Senin, 15 Agustus 2011

Catatan H16: Koran by Heart

Dini hari ini diawali dengan membaca artikel dari PPA Fahima, mengenai Tinjauan Syar`i terhadap puasa anak dan amalan utama yang perlu ditanamkan (ada di bagian bawah). Ternyata.. ibadah yang paling utama bagi anak di bulan Ramadan itu bukanlah puasa, melainkan belajar Al-Quran, karena Al-Quran inilah yang akan menjadi pedoman paling dasar.. 

Lalu akhirnya aku berhasil menemukan video "Koran by Heart", yang waktu aku mencoba buka minggu lalu tak nyambung linknya, moga-moga link ini masih bisa jalan. Kalau engga bisa, bisa coba masuk ke http://www.vimeo.com/ lalu search Koran by Heart, bener-bener tontonan wajib deh!!
ps. di youtube ada yang bilang sudah dihapus karena konflik hak cipta.

Dibuat oleh Greg Barker, warga US non-muslim yang telah mengunjungi lebih dari 50 negara di 6 benua, beliau mempunyai minat dan apresiasi tinggi mengenai budaya international, dan mempunyai misi untuk membuka jendela dunia, dalam perspertifnya sebagai warga US. Beliau menyoroti perjalanan kompetisi international para penghafal Quran di Mesir pada Ramadan 2010. Peserta berusia 7 hingga awal 20 tahun, dengan rata-rata usia remaja. 3 tokoh utama yang diambil di film ini berusia 10 tahun, (1) Saidov Nabiollah dari Tajikistan, (2) Rifdha Rasyid dari Maldives, dan (3) Djamil dari Senegal. Latar belakang keluarga, tantangan kehidupan beragama di negaranya, serta berbagi issue hangat seuptar islam dikemas di film ini. Bukan hanya dari pakar muslim, seorang pakar non-muslim di reciting quran, Kristina Nelson, juga memberikan komentarnya. Film ini terasa sekali nuansa islam, sekaligus nuansa netralnya, mengharukan, dan menggetarkan saat mendengar lantunan indah ayat-ayat Quran dari anak-anak.

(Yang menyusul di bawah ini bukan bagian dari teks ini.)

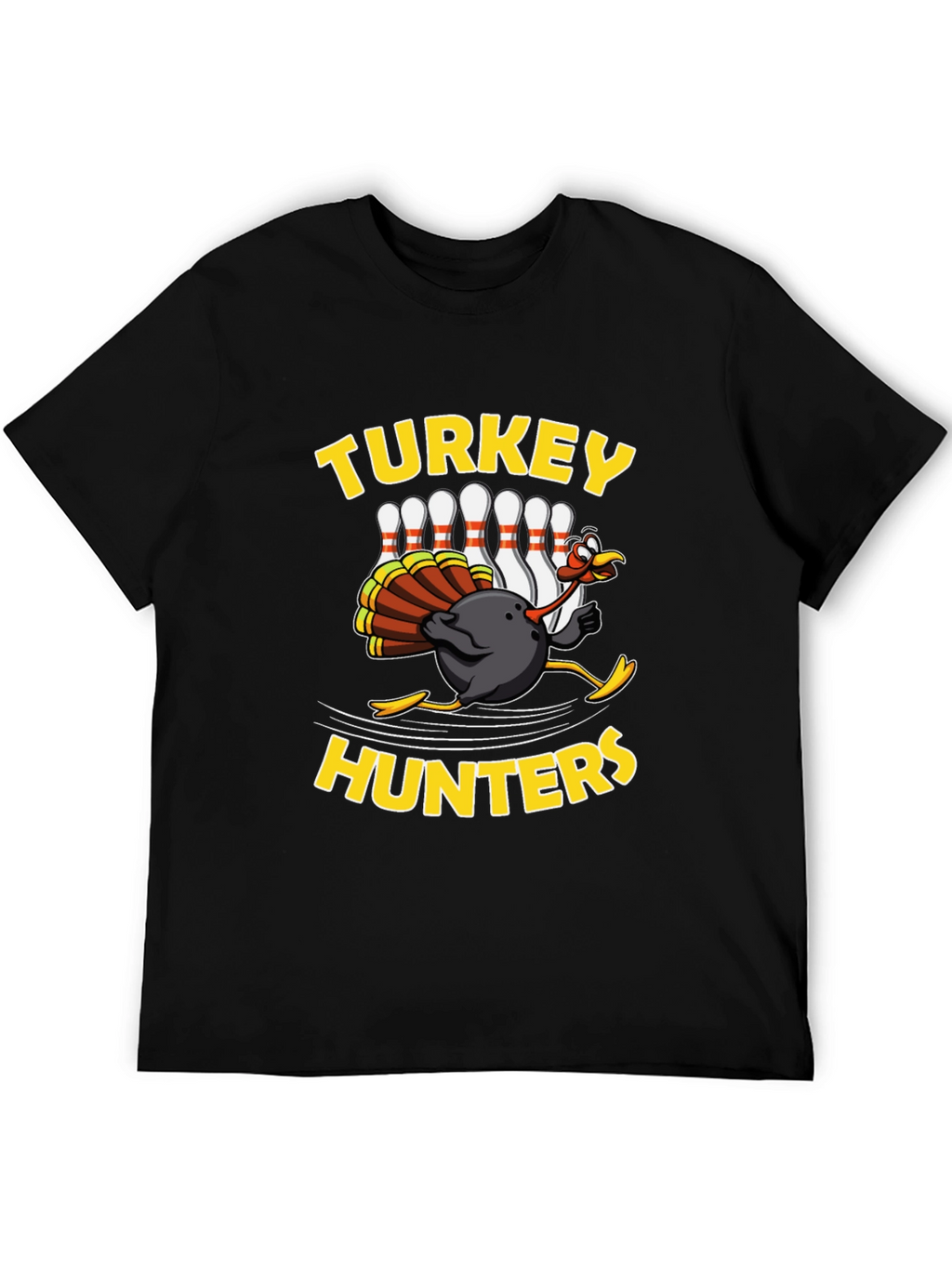 Turkey Hunters Bowling Graphic T-Shirt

Lomba ini juga pastinya sangat menantang anak-anak, dan mungkin tidak mengeluarkan potensi yang sebenarnya dari setiap anak. Waktu 3 hari bukan hanya siang, tetapi juga ada sesi malam, bisa dibayangkan anak yang kebagian di sesi malam, di tengah ngantuk dan grogi :) Tetapi Rifdha mampu melewatinya! Bukan hanya yang menang, tetapi juga yang "kalah" ditayangkan dengan indah di video ini. Walau kalah point yang disebabkan berbagai hal, tetapi semangat menghafal dan memahami ayat Quran selalu berkorbar.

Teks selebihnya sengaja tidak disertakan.